Data entries
_ _ _ _

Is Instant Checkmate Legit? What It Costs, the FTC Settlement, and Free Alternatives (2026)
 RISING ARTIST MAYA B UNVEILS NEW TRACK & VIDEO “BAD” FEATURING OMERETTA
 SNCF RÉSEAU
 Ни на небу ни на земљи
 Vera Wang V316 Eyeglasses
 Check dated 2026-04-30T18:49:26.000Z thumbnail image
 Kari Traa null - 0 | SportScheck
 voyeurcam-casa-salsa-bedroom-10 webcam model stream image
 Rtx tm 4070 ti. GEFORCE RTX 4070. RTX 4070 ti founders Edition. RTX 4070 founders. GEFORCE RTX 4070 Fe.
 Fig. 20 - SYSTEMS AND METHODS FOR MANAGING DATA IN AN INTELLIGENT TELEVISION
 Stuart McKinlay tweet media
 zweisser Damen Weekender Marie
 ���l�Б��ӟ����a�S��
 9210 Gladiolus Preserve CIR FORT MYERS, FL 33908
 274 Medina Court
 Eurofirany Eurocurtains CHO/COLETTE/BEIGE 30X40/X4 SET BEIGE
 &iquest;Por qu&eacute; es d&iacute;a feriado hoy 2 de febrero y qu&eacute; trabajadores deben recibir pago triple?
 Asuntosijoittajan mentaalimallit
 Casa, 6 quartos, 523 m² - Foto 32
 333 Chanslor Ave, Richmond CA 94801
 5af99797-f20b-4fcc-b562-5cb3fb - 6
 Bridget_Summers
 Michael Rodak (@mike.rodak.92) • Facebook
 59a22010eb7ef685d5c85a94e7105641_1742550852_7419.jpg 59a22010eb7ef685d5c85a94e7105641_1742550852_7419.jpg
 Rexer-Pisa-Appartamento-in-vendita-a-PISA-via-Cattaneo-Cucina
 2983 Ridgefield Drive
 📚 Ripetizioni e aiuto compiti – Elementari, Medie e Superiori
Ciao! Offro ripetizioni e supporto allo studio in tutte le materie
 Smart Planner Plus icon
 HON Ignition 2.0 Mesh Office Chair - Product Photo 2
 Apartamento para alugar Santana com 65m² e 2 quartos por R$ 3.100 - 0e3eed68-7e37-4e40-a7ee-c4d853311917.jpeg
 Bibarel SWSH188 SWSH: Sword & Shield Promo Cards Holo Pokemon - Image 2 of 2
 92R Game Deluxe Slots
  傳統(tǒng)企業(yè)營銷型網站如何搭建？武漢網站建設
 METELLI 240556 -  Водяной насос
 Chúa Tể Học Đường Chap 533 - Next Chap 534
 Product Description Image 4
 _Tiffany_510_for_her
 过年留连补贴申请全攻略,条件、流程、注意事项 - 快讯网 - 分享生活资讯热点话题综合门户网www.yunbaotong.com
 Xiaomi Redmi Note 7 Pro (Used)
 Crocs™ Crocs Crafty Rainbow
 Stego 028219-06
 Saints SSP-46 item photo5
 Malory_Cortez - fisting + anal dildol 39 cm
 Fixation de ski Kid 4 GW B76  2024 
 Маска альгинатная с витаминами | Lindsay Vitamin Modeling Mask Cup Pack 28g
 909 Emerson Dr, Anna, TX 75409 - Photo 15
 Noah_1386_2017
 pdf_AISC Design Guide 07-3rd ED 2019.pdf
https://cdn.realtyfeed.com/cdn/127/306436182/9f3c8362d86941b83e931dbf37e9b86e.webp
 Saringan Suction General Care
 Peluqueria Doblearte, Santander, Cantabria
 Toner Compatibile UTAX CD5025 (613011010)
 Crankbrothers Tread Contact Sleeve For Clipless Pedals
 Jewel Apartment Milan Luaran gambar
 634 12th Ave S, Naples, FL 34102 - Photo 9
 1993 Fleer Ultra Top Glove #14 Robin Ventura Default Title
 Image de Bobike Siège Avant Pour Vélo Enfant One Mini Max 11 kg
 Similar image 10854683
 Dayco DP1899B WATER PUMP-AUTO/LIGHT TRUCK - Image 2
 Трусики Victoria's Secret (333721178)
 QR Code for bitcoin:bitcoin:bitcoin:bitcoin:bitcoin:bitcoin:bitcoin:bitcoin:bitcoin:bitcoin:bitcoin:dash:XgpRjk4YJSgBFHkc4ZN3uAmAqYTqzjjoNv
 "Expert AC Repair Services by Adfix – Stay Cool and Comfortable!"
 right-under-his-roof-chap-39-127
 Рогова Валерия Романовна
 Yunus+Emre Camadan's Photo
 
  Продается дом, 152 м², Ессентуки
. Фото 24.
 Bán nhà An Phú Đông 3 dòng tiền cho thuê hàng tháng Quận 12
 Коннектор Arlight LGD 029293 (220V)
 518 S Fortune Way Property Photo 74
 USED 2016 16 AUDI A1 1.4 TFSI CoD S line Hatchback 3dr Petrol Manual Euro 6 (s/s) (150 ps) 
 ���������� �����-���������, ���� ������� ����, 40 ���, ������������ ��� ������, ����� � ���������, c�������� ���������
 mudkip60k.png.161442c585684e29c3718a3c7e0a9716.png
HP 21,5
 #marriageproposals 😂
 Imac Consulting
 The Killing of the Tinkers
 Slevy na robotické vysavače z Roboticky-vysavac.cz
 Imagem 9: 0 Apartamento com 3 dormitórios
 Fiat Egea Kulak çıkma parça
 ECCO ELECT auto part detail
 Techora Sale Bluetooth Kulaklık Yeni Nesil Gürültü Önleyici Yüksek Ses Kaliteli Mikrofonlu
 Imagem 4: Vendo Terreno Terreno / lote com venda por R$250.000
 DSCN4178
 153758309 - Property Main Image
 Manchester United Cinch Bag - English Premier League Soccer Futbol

_ _ _ _

[EXERCISE DESCRIPTION] A single number is the whole answer: the count of lines above that hold "Property".

[TASK RESPONSE] 2